“Collective Narcissism” May Shape How Americans See History

How important was your home state in the course of United States history? Probably not as important as you think it was.

A new study published in Psychological Science suggests that Americans have an inflated sense of the role their home states played in American history.

The researchers arrived at this conclusion by asking 2,898 people from all 50 states a simple question: “In terms of percentage, what do you think was your home state’s contribution to the history of the United States?”

Naturally, people from different states varied in their views of their home states’ historical importance. Those with the most inflated sense of their state’s historical weight were Virginians, who on average estimated their state’s contribution to U.S. history as 41 percent.

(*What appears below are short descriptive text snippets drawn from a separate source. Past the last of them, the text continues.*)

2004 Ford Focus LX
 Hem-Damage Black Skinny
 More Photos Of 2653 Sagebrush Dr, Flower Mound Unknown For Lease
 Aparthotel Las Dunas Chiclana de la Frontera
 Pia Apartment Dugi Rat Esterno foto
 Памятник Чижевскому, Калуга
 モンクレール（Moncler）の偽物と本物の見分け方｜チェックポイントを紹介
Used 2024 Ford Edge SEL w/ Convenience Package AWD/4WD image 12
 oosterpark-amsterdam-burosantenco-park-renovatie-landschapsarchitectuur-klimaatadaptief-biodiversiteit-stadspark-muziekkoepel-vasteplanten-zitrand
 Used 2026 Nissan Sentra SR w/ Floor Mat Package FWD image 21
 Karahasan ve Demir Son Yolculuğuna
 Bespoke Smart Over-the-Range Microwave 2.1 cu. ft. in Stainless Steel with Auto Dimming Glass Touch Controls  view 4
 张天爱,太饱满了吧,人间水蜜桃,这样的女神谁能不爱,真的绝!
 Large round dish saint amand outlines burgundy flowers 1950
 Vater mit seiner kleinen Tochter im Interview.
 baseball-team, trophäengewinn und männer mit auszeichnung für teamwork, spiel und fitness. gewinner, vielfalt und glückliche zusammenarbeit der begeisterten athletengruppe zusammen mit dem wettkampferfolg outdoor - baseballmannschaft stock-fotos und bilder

As a non-Virginian, I’ll acknowledge that Virginia played an important role in the early history of the United States. But to say that almost half of United States history took place in Virginia seems to border on the absurd!

The most modest respondents were those from Iowa, who estimated that their state made a 9 percent contribution to U.S. history. However, this figure still isn’t very modest when you consider that Iowa accounts for less than one percent of the U.S. population!

As you can tell, there’s going to be a problem when we add these percentages together. If everyone overestimates their home state’s historical importance, the percentages aren’t going to add up to 100 percent. And indeed, when the researchers added up the average estimates from all 50 states, the result was … 907 percent.

In other words, it appears that Americans exaggerate the historical importance of their home states by a factor of nine on average. This is a type of collective narcissism, which the researchers define as “a phenomenon in which individuals show excessively high regard for their own group.”

There’s no reason to believe that collective narcissism would be limited to how we perceive the states we live in. It’s plausible, for example, that Americans would take a similarly narcissistic view of the United States’s role in the world as a whole. In any case, the results are a good reminder to approach our own intuitions about history with skepticism.